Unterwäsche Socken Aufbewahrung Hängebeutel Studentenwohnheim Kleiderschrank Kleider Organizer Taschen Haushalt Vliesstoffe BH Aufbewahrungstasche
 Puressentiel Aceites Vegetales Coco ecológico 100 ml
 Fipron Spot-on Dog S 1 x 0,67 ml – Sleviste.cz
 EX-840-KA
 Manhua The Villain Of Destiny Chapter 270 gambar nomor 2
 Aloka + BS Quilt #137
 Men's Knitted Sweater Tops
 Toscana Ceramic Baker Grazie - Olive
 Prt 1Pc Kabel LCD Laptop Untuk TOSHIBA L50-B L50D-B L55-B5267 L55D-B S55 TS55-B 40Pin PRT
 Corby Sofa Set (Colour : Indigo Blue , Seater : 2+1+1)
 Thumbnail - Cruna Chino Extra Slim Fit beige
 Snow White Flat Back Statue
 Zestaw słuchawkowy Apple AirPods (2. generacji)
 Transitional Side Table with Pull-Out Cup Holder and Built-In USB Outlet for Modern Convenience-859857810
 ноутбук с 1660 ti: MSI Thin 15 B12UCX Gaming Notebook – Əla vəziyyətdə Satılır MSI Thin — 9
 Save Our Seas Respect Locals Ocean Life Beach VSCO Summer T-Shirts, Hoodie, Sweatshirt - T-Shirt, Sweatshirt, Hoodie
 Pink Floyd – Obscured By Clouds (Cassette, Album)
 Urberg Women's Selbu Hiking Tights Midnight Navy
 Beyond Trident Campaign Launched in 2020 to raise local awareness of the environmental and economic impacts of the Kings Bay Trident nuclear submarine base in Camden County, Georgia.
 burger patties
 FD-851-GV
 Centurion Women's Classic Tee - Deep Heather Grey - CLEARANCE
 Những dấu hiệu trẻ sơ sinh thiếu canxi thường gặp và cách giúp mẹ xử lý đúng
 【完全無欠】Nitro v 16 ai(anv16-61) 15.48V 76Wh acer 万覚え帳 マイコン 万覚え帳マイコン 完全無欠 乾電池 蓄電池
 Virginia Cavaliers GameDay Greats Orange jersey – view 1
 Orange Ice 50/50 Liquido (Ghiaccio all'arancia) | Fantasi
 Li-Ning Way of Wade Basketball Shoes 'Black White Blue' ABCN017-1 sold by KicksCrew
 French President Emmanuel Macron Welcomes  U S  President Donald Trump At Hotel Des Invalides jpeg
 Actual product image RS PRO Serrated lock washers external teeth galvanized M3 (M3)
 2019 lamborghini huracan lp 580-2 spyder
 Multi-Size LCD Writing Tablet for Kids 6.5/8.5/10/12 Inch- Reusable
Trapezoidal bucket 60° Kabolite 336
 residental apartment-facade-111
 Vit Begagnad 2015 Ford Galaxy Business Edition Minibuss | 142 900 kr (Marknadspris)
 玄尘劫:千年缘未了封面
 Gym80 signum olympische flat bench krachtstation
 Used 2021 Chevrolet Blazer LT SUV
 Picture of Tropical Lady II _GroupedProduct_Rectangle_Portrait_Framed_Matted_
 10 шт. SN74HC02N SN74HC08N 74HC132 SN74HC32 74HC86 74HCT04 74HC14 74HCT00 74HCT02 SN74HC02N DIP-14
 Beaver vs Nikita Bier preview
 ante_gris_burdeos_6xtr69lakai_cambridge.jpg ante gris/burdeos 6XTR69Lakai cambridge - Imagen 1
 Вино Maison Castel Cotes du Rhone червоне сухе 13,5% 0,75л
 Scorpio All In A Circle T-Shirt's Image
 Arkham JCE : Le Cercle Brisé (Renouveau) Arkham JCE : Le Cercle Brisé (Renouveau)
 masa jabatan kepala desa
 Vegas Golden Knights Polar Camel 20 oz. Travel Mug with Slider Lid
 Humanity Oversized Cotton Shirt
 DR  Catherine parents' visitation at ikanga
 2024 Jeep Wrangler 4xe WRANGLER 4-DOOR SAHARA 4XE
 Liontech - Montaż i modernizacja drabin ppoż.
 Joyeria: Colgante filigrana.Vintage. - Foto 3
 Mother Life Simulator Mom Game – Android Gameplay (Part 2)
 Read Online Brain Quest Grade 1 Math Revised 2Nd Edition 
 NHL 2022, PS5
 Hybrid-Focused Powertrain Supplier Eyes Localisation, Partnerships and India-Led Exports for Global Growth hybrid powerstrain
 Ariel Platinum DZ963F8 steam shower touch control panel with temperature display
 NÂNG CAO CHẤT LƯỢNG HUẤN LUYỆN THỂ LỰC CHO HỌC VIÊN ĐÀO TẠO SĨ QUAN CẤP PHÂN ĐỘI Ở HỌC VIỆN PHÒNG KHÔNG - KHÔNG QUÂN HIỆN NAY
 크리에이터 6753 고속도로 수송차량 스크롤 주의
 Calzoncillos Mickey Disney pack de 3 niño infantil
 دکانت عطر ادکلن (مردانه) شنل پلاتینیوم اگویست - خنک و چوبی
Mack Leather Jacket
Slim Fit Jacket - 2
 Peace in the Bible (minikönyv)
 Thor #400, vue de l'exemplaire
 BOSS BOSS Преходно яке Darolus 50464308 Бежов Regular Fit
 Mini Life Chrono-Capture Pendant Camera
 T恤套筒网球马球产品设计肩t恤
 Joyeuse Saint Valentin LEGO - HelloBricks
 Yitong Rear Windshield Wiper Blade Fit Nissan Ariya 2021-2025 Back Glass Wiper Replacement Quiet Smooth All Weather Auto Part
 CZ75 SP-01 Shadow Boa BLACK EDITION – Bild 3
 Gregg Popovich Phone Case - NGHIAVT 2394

• Task to complete:
Once you find the line with "Actual product image" above, print it and every line after it up to and including the line with "residental apartment-facade-111", exactly as written and nothing else.

• Response to this exercise:
 Actual product image RS PRO Serrated lock washers external teeth galvanized M3 (M3)
 2019 lamborghini huracan lp 580-2 spyder
 Multi-Size LCD Writing Tablet for Kids 6.5/8.5/10/12 Inch- Reusable
Trapezoidal bucket 60° Kabolite 336
 residental apartment-facade-111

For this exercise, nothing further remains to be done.